Translating your content title using Google Translate API to use in a URL

Following my previous posts on How to handle non-English characters in ASP.NET MVC routes, Build pretty clean URL for your dynamic pages using JavaScript and Non English Words in URL I decided to share another simple tip that let you translate what your user inserts as content’s title (that can be a blog post title, a page name or a news headline) automatically using Google Translate API.

Let me explain it with an example. Suppose that you have a news system in Persian language and your end user enters a Persian phrase like “این یک عنوان خبر است” as the headline of a news story. From SEO point of view it’s better we include original headline words in URL (like something that I explained in this post) instead of using an integer ID or GUID (e.g. /news/?id=1 or /news/1.aspx, etc.) but as we discussed on in that post, including non-English characters in URLs is not the best way! I just wanted to have something like /news/story/this-is-a-title and didn’t want to force user translate his words into English in order to use in URL field.

A few days ago I was thinking on this topic and decided to try a trick to utilize Google Translate API (which has recently started supporting Persian language as well) to translate such titles into meaningful English phrases and then clean them using the way I described in this post.

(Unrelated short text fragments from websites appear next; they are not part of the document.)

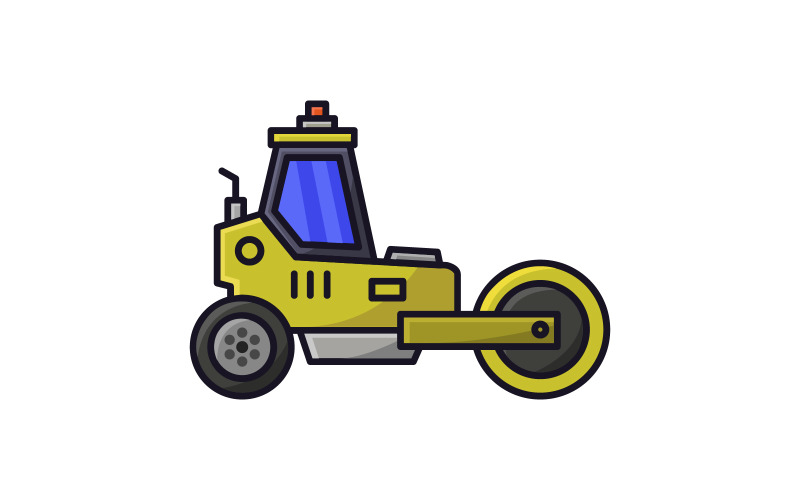 Road roller illustrated in vector on background Vector Graphic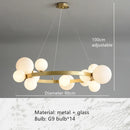 Axyaa Glass Ball LED Chandeliers: Modern Living Room Pendant Lamps, Black Gold Hanging Light Fixtures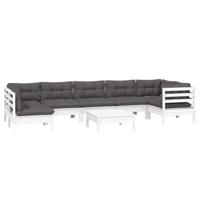 8-delige Loungeset met kussens grenenhout wit - thumbnail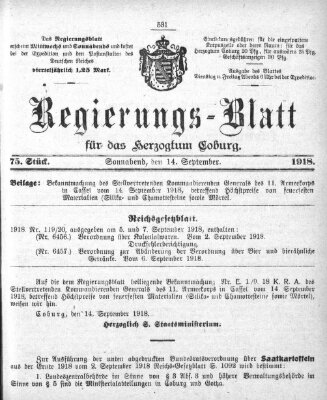 Regierungs-Blatt für das Herzogtum Coburg (Coburger Regierungs-Blatt) Samstag 14. September 1918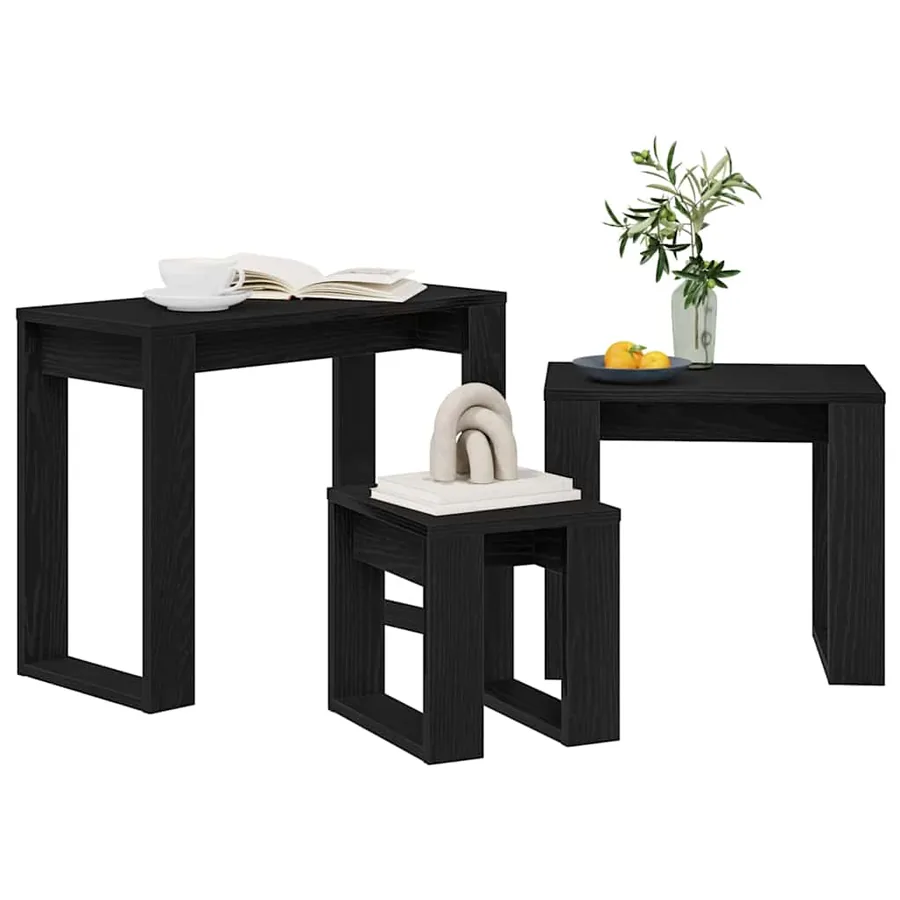 Tables gigognes 3 pcs Chêne noir Bois d'ingénierie - 3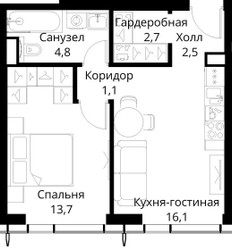 Планировка однокомнатной(квартира) площадью 40.9 квадратных метров в ЖК “ЖК Сити Бэй”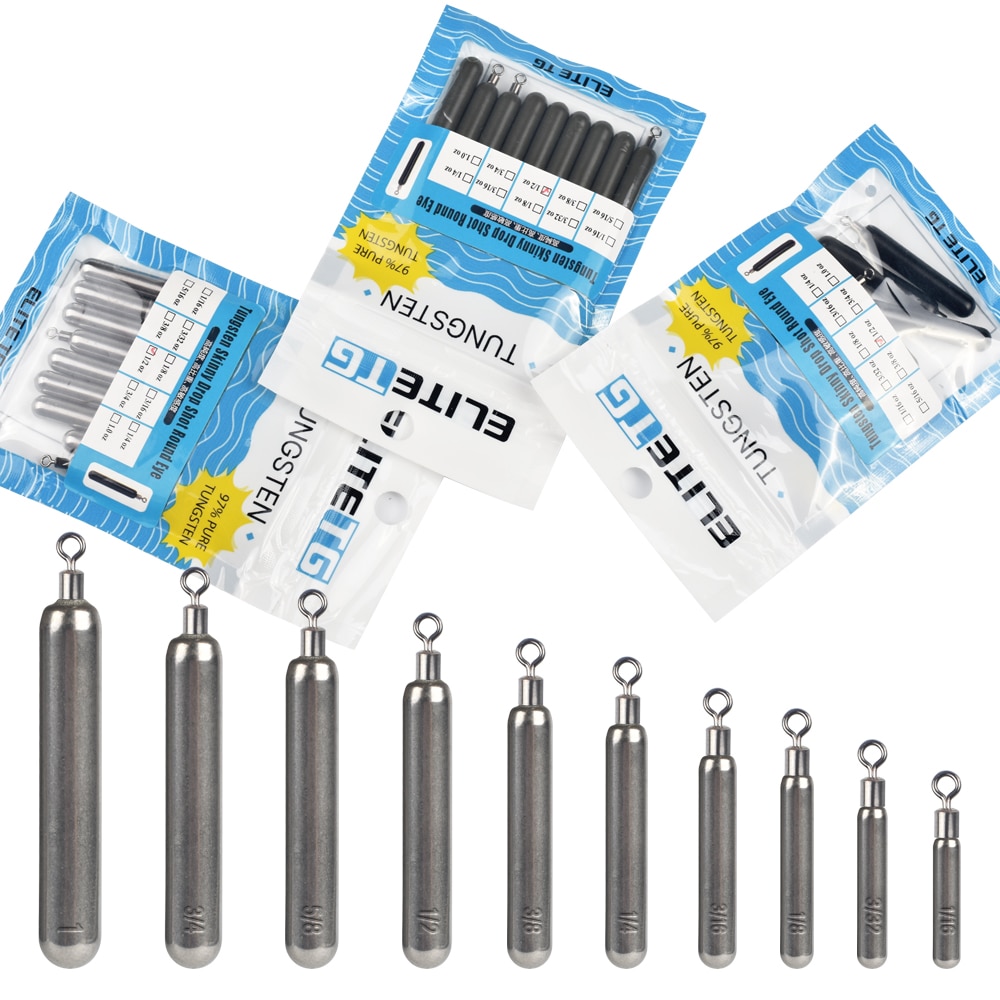 Elite TG 10Pcs Tungsten Sinker Drop Shot Rig unleaded 1/16OZ-1OZ tungsten skinny drop shot round eye Fishing Weight Accessories Elite TG 10Pcs Tungsten Sinker Drop Shot Rig unleaded 1/16OZ-1OZ tungsten skinny drop shot round eye Fishing Weight Accessories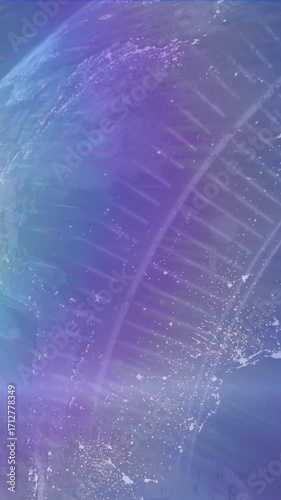 Animation of light spot and data processing over globe against blue background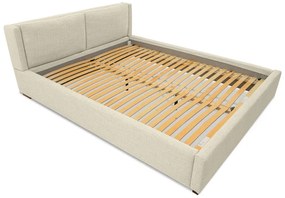 Bézs kárpitozott franciaágy ágyráccsal 180x200 cm Dreamer – Scandic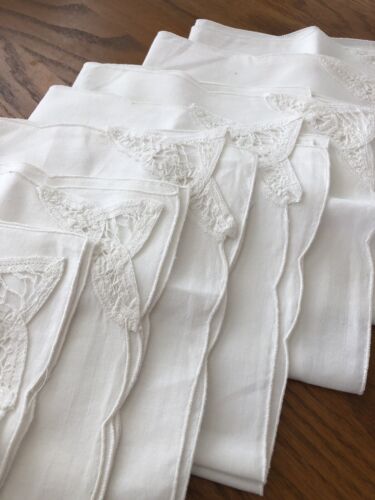 8 Unbranded 16” Sq White Linen Blend Lace Trimmed Napkins NWOT - Picture 4 of 5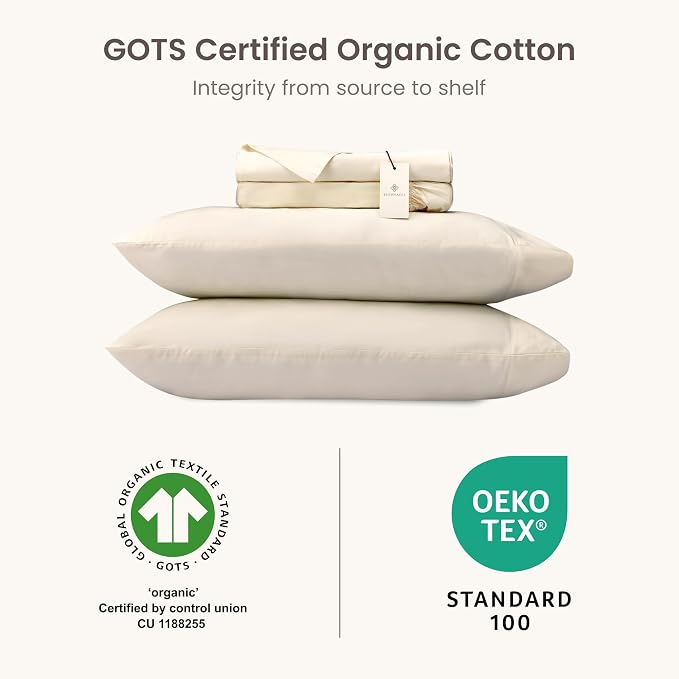 BIOWEAVES 100% Organic Cotton Sheets, 300 Thread Count 3-Piece GOTS Certified Bed Sheet Set Fits Mattress Upto 17" Deep Pocket, Soft & Silky Sateen Weave (Twin, Undyed Natural)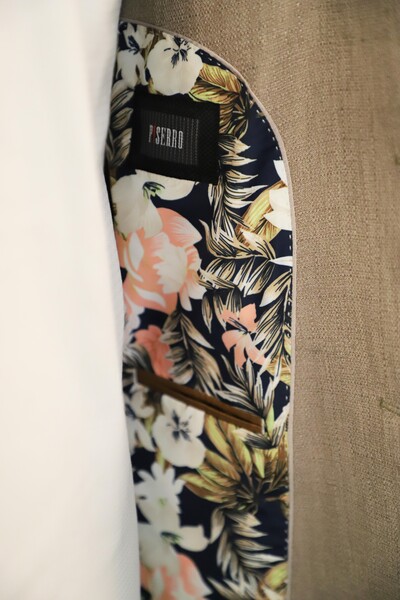 Slim Fit Ketenli Klasik Desenli Bej Rengi Ceket - Thumbnail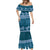 Dark Cyan Samoa Siapo Teuila Flowers Mermaid Dress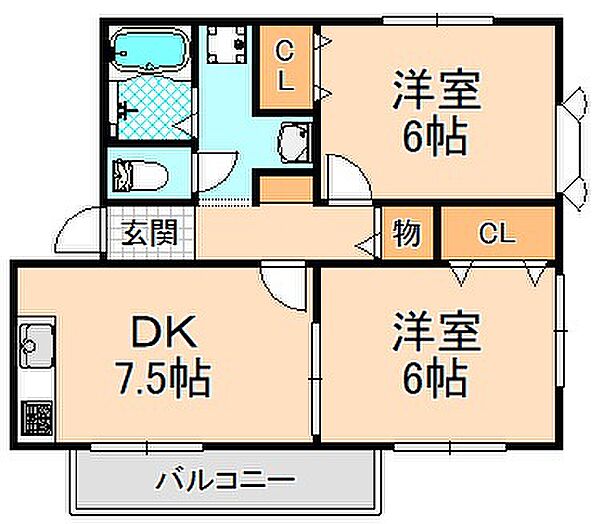 ヴィラクレール ｜兵庫県伊丹市桜ケ丘7丁目(賃貸アパート2DK・1階・48.56㎡)の写真 その2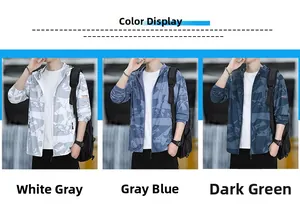 Detailed comparison of men's hooded camo sun protection jackets in three color options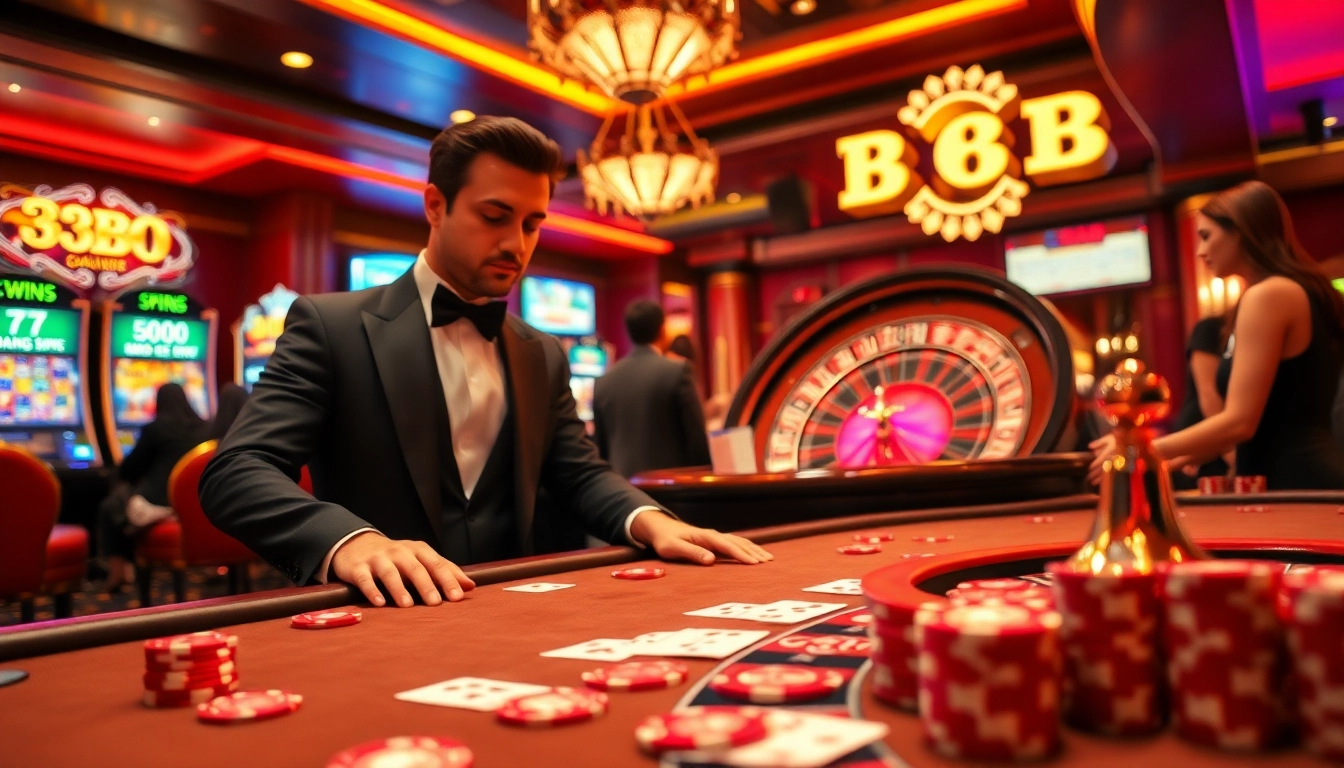 33BD casino scene with luxurious poker table, vibrant chips, and professional dealer.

Fortunately, thanks to Google API simplicity it was so easy and straightforward. Here’s what I wrote:

  1. First you should include Google API JavaScript source in your page:
    [cc lang='html4strict' line_numbers='false'][/cc]
  2. Add this JavaScript code to your page:
    [cc lang='javascript' line_numbers='false']
    $(document).ready(function() {

    $("#contentPage_Title").blur(function() { parseUrl($("#contentPage_Title").val()) });

    });

    google.load("language", "1");

    function parseUrl(url) {

    $("#loadingImage").attr("style", function() { return "display: inline;" });

    google.language.translate(url, "fa", "en", function(result) {

    if (!result.error) {

    var url = (result.translation + " ").replace(/[^a-zA-Z0-9]+/g, "-");

    $("#contentPage_Url").val(url.slice(0, url.length - 1).toLowerCase());

    $("#loadingImage").attr("style", function() { return "display: none;" });

    }

    });

    }
    [/cc]

You’re done! Now, let me explain the code a little. First using jQuery, you tell the DOM to fire parseUrl() event as soon as you enter the title and go to the next field, then, we load Google Translate service into our script, call translate function to translate from “fa” (Persian) to “en” (English) and finally clean the result using our old trick. That’s all and no magic here!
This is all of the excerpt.